Assigned task = Exactly the lines below starting at the line with "Vintage Amber Apothecary" and ending at the line with "LINZINAR Plant Stand" are wanted, with both ends included. Leave out the pictures and add no other lines.

Source material =

>>>

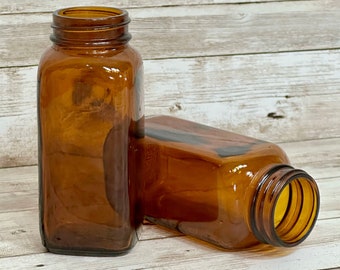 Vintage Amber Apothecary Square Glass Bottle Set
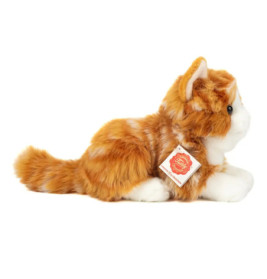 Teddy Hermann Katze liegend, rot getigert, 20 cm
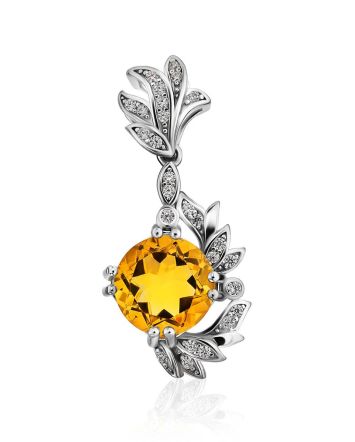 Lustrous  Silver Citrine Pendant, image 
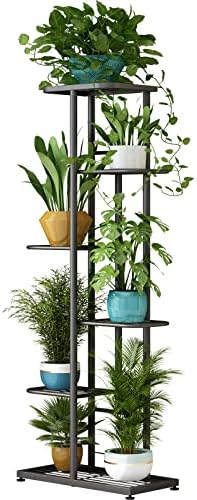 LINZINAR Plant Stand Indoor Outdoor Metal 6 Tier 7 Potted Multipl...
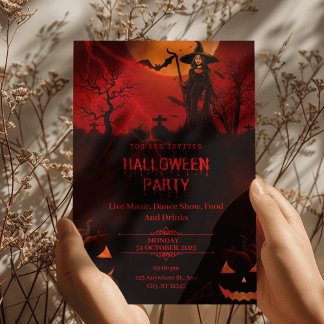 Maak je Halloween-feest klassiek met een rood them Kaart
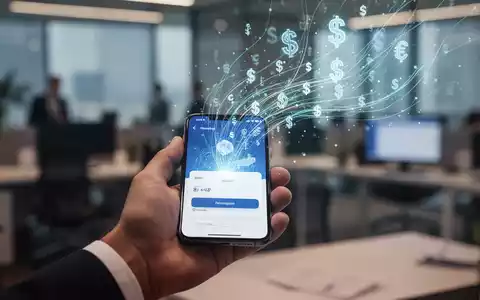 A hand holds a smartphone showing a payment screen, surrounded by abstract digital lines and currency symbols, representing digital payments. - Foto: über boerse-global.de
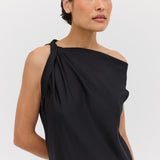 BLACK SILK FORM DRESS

<<<
>>>

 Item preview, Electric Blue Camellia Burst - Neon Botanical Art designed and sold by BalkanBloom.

<<<

Written solution =
 Vintage Amber Apothecary Square Glass Bottle Set
 Teddy Hermann Katze liegend, rot getigert, 20 cm
 Lustrous  Silver Citrine Pendant, image 
 LINZINAR Plant Stand Indoor Outdoor Metal 6 Tier 7 Potted Multipl...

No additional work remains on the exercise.